I’m pleased to say we completed our expedition to canoe the Sheenjek river on 23rd July which in the end took 13 days, during 12 of which we never saw another soul. It’s difficult to concisely sum up the expedition. It was certainly amazing but also challenging and even horrendous in places! Seeing rather massive grey wolves on two occasions stand out, as well as spotting moose, bald eagles, a golden eagle and numerous beavers. Starting our expedition in the Brooks mountain range and being in a region described as the most remote part of the United States of America was amazing (we were literally hundreds of miles from a road, trail or village). Seeing real and vast wilderness was amazing and humbling. I felt very fortunate to complete an expedition which maybe only a handful of others will do this year.
On the challenging front, the river was more difficult than we anticipated. Quite simply, the interior of Alaska can be an inhospitable place and it ultimately it becomes very clear why people don’t live there! Everything requires energy. The mosquitos were terrible for the first four or five days…they are truly difficult to describe, and I can now appreciate how they literally move the great herds. The best I can do is compare them to swarming midges in a damp remote glen in the Highlands but add in being stuck with them for days on end (whenever the wind dies down on or off the river) and add in the fact mosquitos can bite through t-shirts. Then add in near 30 degree heat when all you want to wear is a t shirt and shorts (but you can’t)…
Practical skills such as efficiency in camp and generally handling yourself outdoors were important. But so were resilience, patience and optimism. That’s not to say I was stoic the entire time because you have moments where fears creep in or you become frustrated but ultimately you have to remain positive and keeping your eye on the objective helps with this. I have no doubt being the parent of a child with PWS contributed to my resilience.
But ultimately it was an amazing adventure and experience which is still sinking in.

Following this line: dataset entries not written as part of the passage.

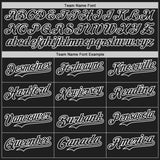 Custom Black White Pinstripe White Authentic Two Tone Baseball Jersey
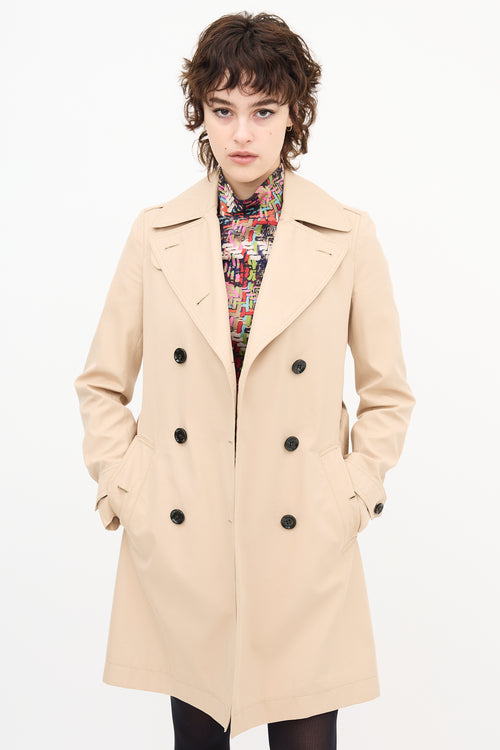 Burberry Double Breasted Trench Coat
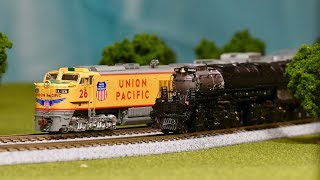 Model Trains  Union Pacific Steam and Diesel [upl. by Inobe]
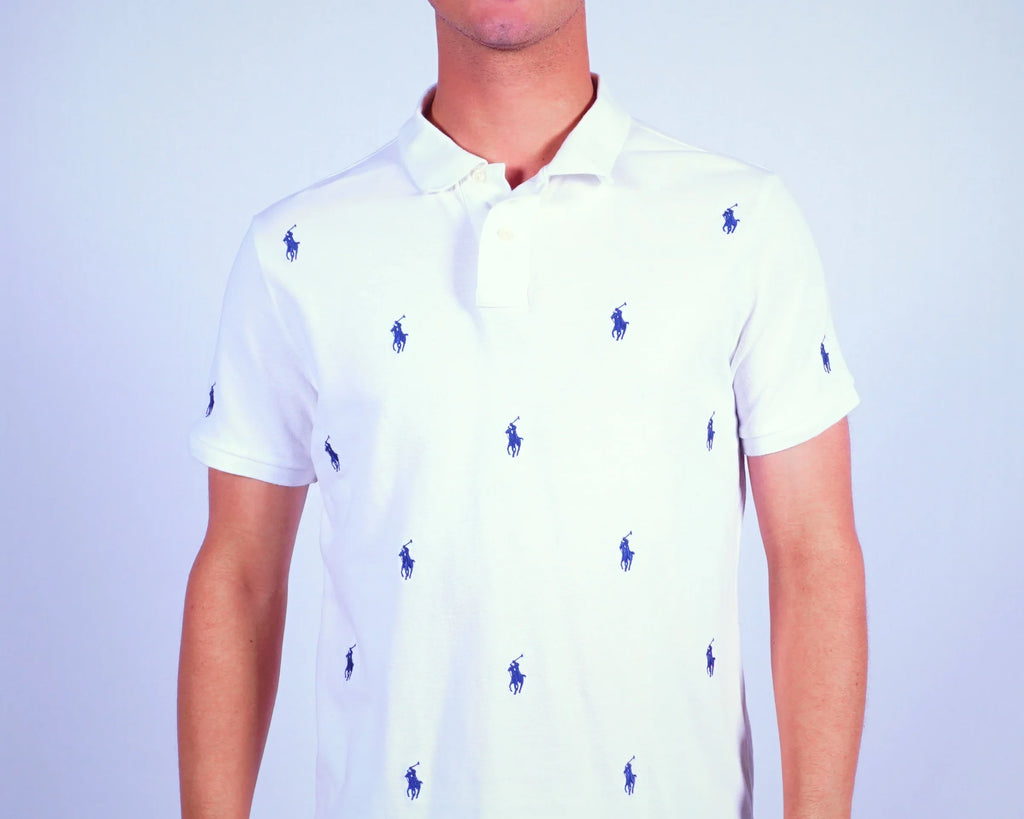 Ralph Lauren White Polo Shirt M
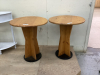 2 ROUND SIDE TABLES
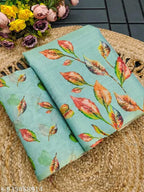 SM Women Cotton Silk Printed Saree
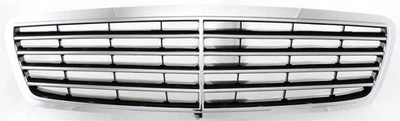 Grille For 2000-2003 Mercedes Benz E320 2003 E500 Chrome Shell w/ Black Insert Foto 1 de 4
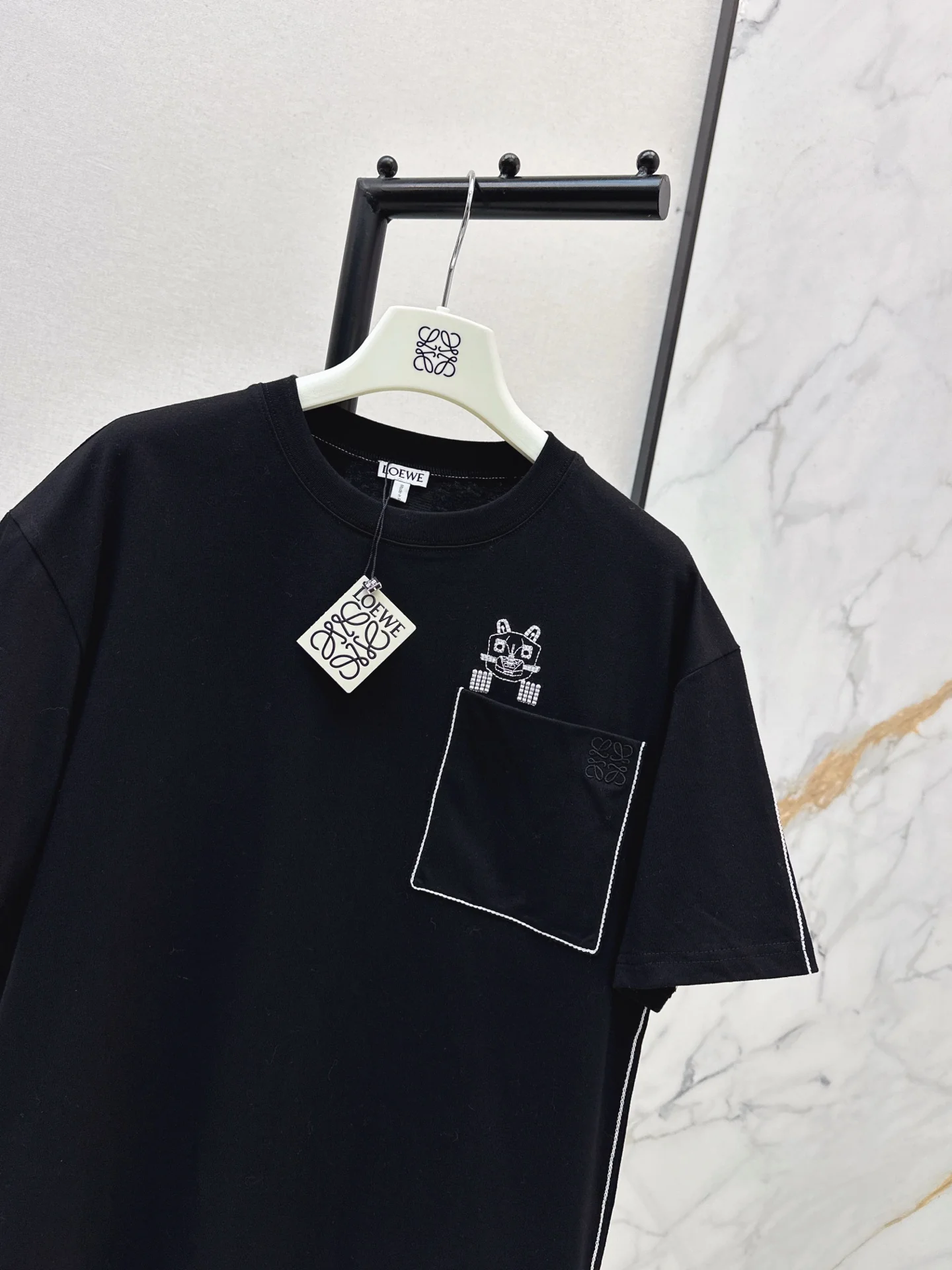 Loe 26ss embroidery t-shirts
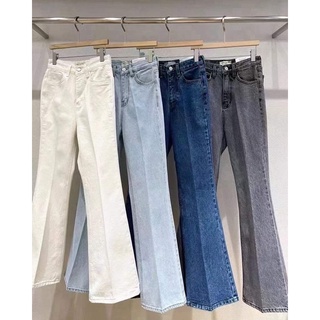 ( พร้อมส่ง ) - HOLIDAY JEANS กางเกงยีนส์ขาบาน ยีนส์ขาบานเอวสูง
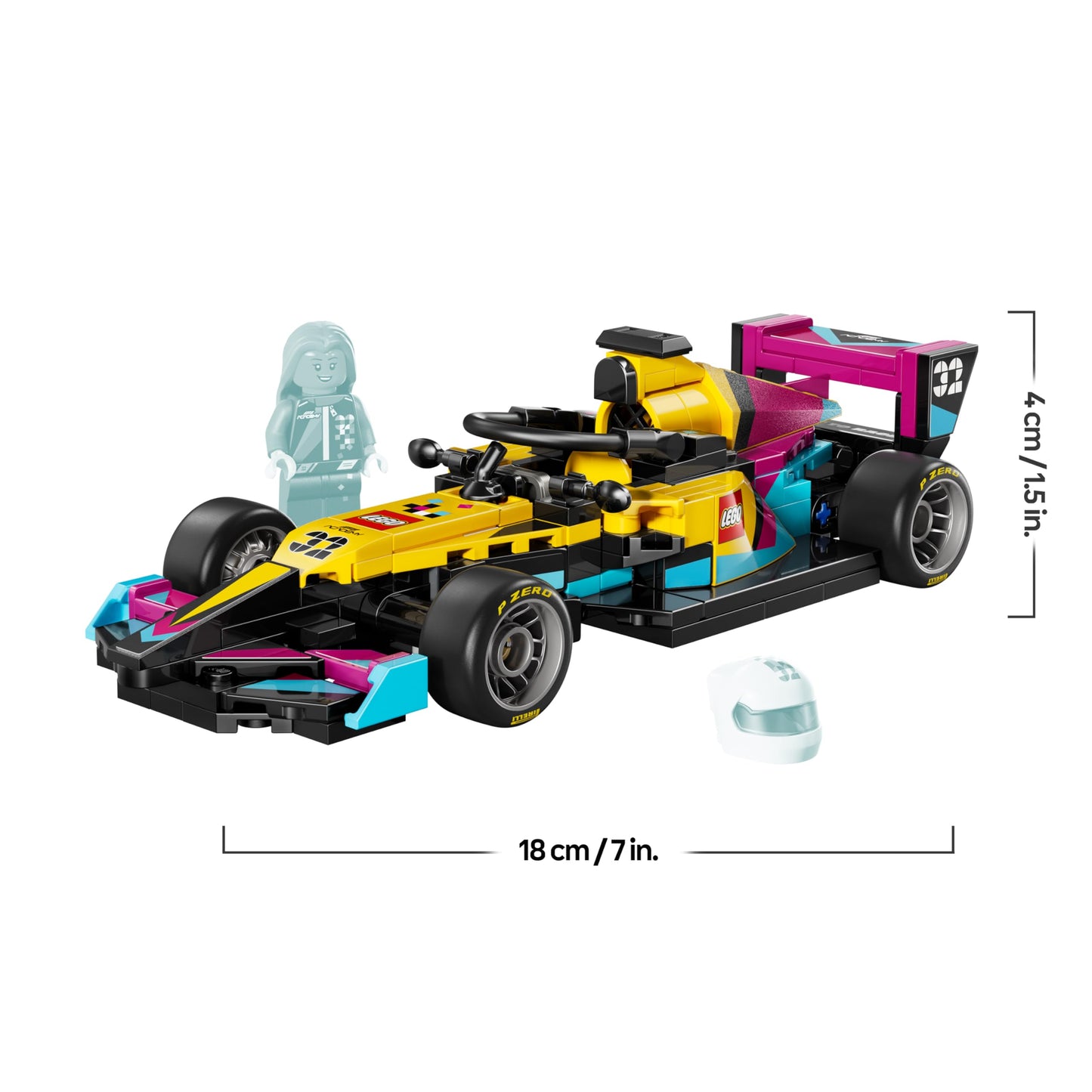 LEGO Speed Champions F1 ACADEMY racing car - toy model car - with Formula 1 racing driver minifigure - gift for girls, boys and adult fans aged 10 and over - 77258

There is a lot to be said about being ‘off line’ in our busy human world and this is something which will stay with me.
Plus myself and my father even came back on speaking terms ????
On another note, thanks to everyone who donated to nominated charity, FPWR UK, which raises money for research into Prader Willi Syndrome (PWS). Whilst Robyn suffers from PWS, there is a brighter future just around the corner thanks to research and the cumulative work of scientists and doctors over recent years. It was really good to get some media coverage and to publicise Robyn’s rare condition.